The Government went out, I think, in October, 1878.

An hon. MEMBER: September.

Sir JOHN A. MACDONALD: No, October. They ought to have gone out in September, but they did not.

Sir -- I have the honor to acknowledge the receipt of your despatch (No. 47) of the 13th ultimo, covering a petition addressed to you by certain half-breeds of the parish of St. Laurent, relating to several matters affecting the interest of the half-breeds in the North-West. You are requested to inform the petitioners that I shall have much pleasure --

Mr. Mills will have much pleasure; I beg his pardon, the Minister of the Interior of that day, will have much pleasure --

in submitting their petition for the consideration of His Excellency the Governor General in Council. In the meantime, you may intimate to the petitioners that should it be thought desirable to appoint additional members to the Council of the North-West, I shall be prepared to recommend for His Excellency's consideration their application that such members should be selected from the old residents in the Territories --

Not elected --

and that if possible one of them should be of French Canadian origin. The propriety of passing an Act to secure for the half-breeds some more speedy means of acquiring a title for settlement purposes than under the provisions of the present homestead and Dominion Lands Act has for some time past, engaged my attention.
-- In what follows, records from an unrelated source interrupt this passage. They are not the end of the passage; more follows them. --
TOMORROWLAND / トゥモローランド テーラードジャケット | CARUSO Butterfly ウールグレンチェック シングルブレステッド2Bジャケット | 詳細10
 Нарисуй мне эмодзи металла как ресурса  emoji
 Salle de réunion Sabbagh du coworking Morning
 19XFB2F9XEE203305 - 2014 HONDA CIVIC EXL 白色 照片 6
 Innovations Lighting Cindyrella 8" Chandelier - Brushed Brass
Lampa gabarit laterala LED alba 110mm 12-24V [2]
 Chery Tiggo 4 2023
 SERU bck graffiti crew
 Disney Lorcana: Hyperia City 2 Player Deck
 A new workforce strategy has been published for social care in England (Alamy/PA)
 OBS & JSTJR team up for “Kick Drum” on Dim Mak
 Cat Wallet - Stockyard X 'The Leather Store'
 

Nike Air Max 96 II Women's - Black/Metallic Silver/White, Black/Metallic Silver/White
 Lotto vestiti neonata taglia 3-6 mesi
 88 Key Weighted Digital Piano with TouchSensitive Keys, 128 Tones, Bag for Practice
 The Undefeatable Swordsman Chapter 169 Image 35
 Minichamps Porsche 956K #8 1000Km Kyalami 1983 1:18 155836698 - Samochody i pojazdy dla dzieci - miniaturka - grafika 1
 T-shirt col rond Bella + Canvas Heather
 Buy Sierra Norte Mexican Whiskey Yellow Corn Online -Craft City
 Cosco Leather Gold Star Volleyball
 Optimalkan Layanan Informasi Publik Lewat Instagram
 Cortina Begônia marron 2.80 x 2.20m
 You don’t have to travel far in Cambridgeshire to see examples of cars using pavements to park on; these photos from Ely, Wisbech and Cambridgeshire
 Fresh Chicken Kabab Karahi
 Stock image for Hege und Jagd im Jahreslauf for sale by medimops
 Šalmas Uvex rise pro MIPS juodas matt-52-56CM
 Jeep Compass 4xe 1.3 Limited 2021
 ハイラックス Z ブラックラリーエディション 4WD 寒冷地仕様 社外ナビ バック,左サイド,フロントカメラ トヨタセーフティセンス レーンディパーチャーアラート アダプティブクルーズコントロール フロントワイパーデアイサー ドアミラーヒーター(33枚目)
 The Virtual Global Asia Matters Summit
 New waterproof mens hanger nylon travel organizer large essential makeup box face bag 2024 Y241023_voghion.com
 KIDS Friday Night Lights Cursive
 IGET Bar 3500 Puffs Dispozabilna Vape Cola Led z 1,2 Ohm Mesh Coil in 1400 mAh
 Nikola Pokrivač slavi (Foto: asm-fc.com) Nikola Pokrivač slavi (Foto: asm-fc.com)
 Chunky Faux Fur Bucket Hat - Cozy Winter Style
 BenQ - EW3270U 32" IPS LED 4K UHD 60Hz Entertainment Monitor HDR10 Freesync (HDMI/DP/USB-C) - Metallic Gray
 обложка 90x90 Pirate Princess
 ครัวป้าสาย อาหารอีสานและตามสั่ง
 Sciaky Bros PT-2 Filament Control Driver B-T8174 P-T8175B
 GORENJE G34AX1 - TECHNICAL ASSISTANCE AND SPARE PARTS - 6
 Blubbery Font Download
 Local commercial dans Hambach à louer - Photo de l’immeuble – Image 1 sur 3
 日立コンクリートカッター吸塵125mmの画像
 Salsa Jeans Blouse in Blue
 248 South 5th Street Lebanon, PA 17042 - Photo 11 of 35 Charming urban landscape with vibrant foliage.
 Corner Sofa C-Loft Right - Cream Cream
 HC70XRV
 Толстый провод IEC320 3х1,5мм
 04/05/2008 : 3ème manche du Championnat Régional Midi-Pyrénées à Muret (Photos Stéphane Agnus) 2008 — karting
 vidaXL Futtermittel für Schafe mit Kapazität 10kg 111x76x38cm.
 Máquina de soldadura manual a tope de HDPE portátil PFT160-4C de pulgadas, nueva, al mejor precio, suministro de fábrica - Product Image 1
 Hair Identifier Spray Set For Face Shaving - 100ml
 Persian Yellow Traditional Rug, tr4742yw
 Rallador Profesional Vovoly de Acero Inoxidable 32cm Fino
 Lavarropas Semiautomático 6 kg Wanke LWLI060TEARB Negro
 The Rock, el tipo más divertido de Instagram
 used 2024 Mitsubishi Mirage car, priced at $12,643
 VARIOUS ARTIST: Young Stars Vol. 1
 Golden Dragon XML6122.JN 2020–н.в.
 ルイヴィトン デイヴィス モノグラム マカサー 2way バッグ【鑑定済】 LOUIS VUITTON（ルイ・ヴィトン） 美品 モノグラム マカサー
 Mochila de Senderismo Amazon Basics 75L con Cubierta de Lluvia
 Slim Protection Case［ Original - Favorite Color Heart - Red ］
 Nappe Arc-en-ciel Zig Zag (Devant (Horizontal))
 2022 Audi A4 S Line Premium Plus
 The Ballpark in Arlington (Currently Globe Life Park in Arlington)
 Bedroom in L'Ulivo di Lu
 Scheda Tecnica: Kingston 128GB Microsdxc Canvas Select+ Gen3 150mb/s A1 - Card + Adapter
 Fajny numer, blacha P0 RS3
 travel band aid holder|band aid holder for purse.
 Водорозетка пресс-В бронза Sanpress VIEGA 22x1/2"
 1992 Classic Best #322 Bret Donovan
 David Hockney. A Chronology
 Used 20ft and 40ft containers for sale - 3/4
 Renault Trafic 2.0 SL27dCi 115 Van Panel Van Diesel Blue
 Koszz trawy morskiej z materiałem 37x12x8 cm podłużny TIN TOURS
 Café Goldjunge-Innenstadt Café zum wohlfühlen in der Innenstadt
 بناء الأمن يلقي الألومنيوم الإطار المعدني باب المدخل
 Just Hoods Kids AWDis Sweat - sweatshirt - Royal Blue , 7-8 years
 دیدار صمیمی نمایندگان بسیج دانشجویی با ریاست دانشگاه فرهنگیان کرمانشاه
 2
Well, he took office in 1873.

Mr. MILLS: No.

Sir JOHN A. MACDONALD: Well, the Government got in in 1873, and I suppose his predecessor was not a dummy; his predecessor was as able as the hon. gentleman himself, his predecessor had the same responsibility as himself, and the hon. gentleman, being his successor in the same Administration, took upon himself all the responsibility of what his predecessor did or did not do.

As regards the application of the petitioners for an early survey of the settled lands along the principal rivers, I have to request you to inform the petitioners that the survey of such lands has already been carried out, to some extent, and will be prosecuted as rapidly as the funds at the disposal of the Department will permit.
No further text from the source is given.